[ASSIGNED TASK]
Having located "Local Comercial en", write out its line and the remaining lines of the material exactly, the last one included, but not the pictures.

[Opening SUPPLIED INFORMATION section]

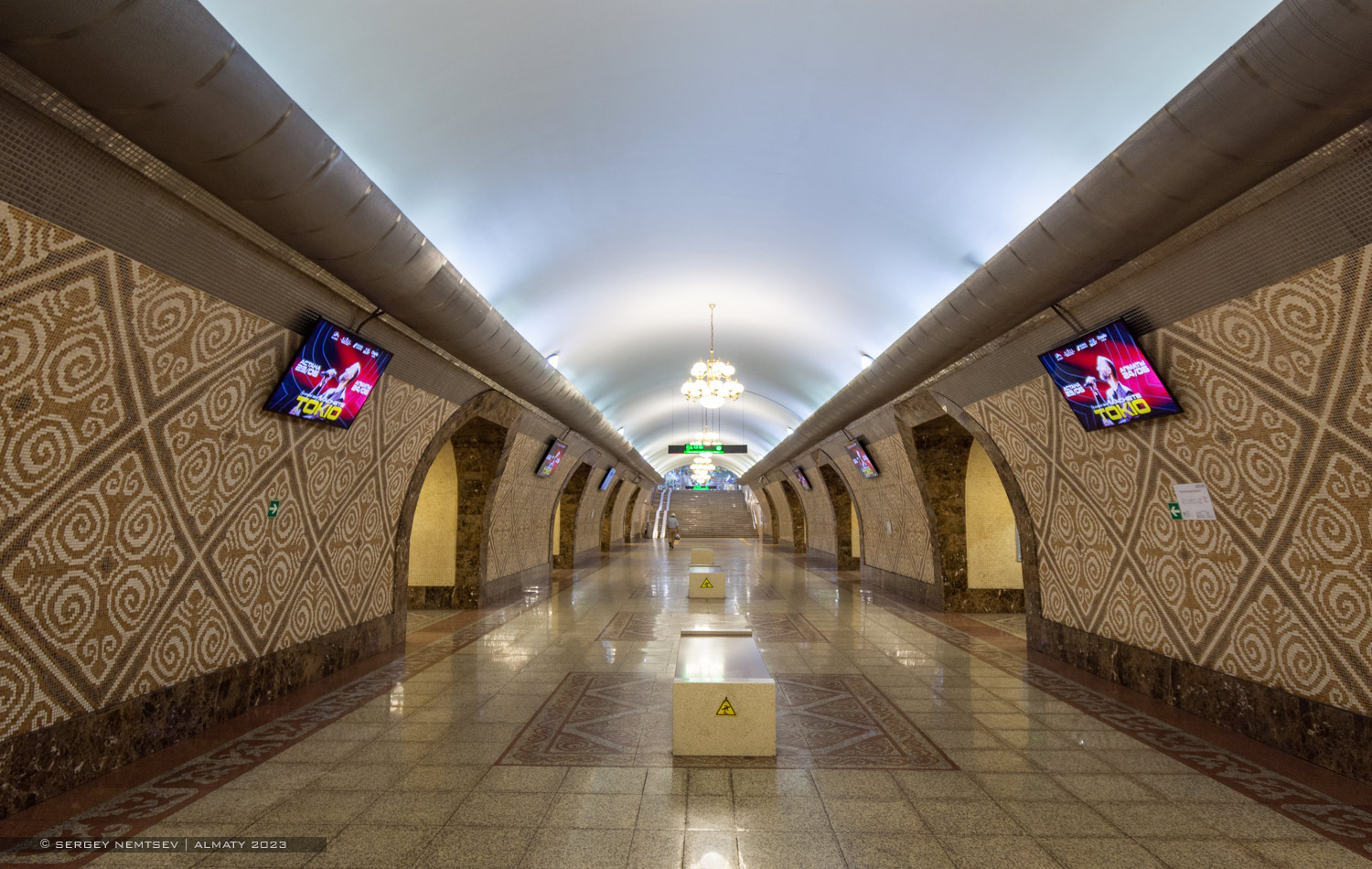 阿拉木圖 — Line 1 — Stations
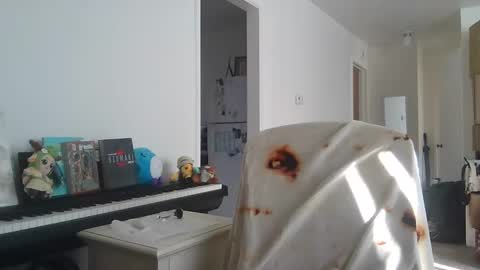 Snapshot of demi_the_girlthing chatting on December 10, 8:49 pm Demi online show from December 10, 8:49 pm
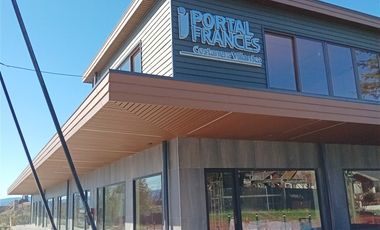 Local Comercial en Arriendo en A pasos de la Costanera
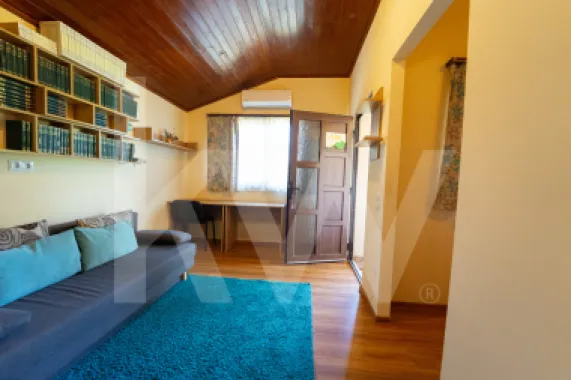 4 Casute de vacanta cu teren de 2000 mp liberi Cisnadioara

[Closing SUPPLIED INFORMATION section]

[EXERCISE ANSWER]
 Local Comercial en Arriendo en A pasos de la Costanera
 4 Casute de vacanta cu teren de 2000 mp liberi Cisnadioara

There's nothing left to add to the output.